Drill Site security – Moving equipment
Employees working on drill sites can be exposed to hazards associated with drilling equipment as well as risks that are related to climate and terrain in general. No one wants to deal with accidents on a drill site so education as well as precautionary measures can go a long way in reducing the number of accidents and the severity of the accidents. Yes, we know you may have heard this all before, but we believe it is worth repeating.
How accidents occur
Many hazards are related to moving and rotating equipment. Crush style injuries can be caused by catching fingers or feet between moving machine parts.

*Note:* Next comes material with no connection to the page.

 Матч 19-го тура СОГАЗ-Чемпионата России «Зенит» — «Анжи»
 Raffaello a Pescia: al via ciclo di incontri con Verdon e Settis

Workers can be too close to exposed rotating parts on the drill – they may be required to get close to the point of operation in order to change rods or bits or collect core.
Impact injuries can be caused by hitting fingers or hands when using tools or by being hit by flying material such as broken cables.
Entanglement injuries can occur by being too close to unguarded machinery, where loose clothing, jewelry or loose long hair can draw workers into the equipment.
Prevention is the key
- Personnel should be educated about the hazards related to diamond drills, and properly trained in the correct operation and maintenance of tools and drilling equipment.
- Employees should be supervised to make sure safe working practices are employed and control systems are used.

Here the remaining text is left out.